2012年8月29日水曜日


前回の続きのような感じになってしまいますが、最近はよくこんなことを考えております。
 ファッションに限らず、現在モノが売れないと言われて久しく、それが常態となりつつあるようです。
 至る所で言及されていることで、ファッションに限ったことではありませんが、日本人は目先の利益ばかりに気を取られ、中・長期的な視点が欠けてしまっているように感じます。
 大変な時期だとは思いますが、逆に考えると、全世界的に考えると今まで大変じゃなかった時期なんて無かったと思うということを僕が好きなジャズミュージシャンが言っていましたが、これは本当にそうなんですよね。さらに言うと、困難さがないと新しい物は生まれてこないとさえ僕は考えます。こんな時代だから革新的なものが生まれるとも。
 これに少し関連していることで、以前にこのブログで少し書いたことがあることですが、ファッションの重さと軽さということについて、change fashionの中で、蘆田裕史というKCIのキュレーターの方がブログに書いていました。

一枚の絵画、一本の映画、一篇の小説などと比べると、一枚の服のもつ情報量はきわめて少ないです。たとえば映画であればプロットがあり、役者がいて、映像が次々に流れ、音楽がつけられ、と人間の感覚では認識しきれないほどの情報が詰まっています。映画について語る場合、あらすじを述べるだけでも10分や20分かけられます。一方で、衣服の場合は色、形──しかもほとんど定型がある──、生地の質感など、きわめて少量の要素しかありません。



このように、衣服はただでさえ情報量が少ないのに、近年隆盛しているファストファッションなどは、デザイナーの思想や、制作における職人的な手仕事など、さらに色々なものをそぎ落としています。これらはその意味で「軽い」服だといえます。

(これはファストファッションに限らず、「制作のコンセプトやテーマはありません。自分がかわいいと思うものを作っています」と言ってしまうようなデザイナーなどもそうです。)



一方で、衣服にできるだけ多くの情報を付与するようなデザイナーが現われています。その付与の仕方は、ASEEDONCLOUDのように(狭義の)物語を作ったり、Aski Kataskiのようにわざわざ蚤の市などで古い布を集めてきたりと様々です。軽い方へ軽い方へと向かう潮流に抗うかのように──とはいえ、本人たちにはそうした反骨精神のようなものがあるわけではありませんが──、彼等は服そのものに、あるいは服の背後にさまざまな要素──これを物語と僕は呼んでいるのですが──を加えているのです。
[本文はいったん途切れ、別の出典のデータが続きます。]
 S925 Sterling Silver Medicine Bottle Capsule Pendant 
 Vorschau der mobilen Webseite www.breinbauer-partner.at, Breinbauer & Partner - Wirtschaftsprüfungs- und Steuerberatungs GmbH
言い換えれば「重い」服を作っていること、それが選出のひとつのポイントです。
 
分かりやすいですね〜。笑 さすが大学講師!多分僕が書いている事と言いたい事はそんなに大きくは変わらないはずなのですが。以前も書いたように僕は衣服を中心とするいわゆるファッションの本質は軽さにあると考えています。それはもちろん、参照部分で蘆田さんが言及されていることも含みますが、もう少し本質的な意味においてです。
 そして、引用文中では軽さが消極的に記されているように感じますが、その軽さこそがファッションをファッション足らしめているのも事実ではないでしょうか。
 比較対象とされている、絵画、映画や小説に比べ圧倒的に人との物理的な距離が近く、興味の有無は別として、日常生活で必要不可欠な側面を有してる点において必然的に“軽く”ならざるを得ないとも言えます。だから、ファッションはその存在の内に耐え難き軽さを内包していると以前にも言及したのです。
 蘆田さんのおっしゃる「重さ」と「軽さ」の言説もこのことを前提に成立していると思うのですが。いかがでしょう。
 本来「軽い」ものにどのように意味や思想、哲学、また物語によって重さを与える事が出来るかどうかがデザイナーの仕事の一つだと思います。
“たかが服、されど服”鷲田清一氏のヤマモトヨウジ論の本タイトルですが、良い言葉ですな〜。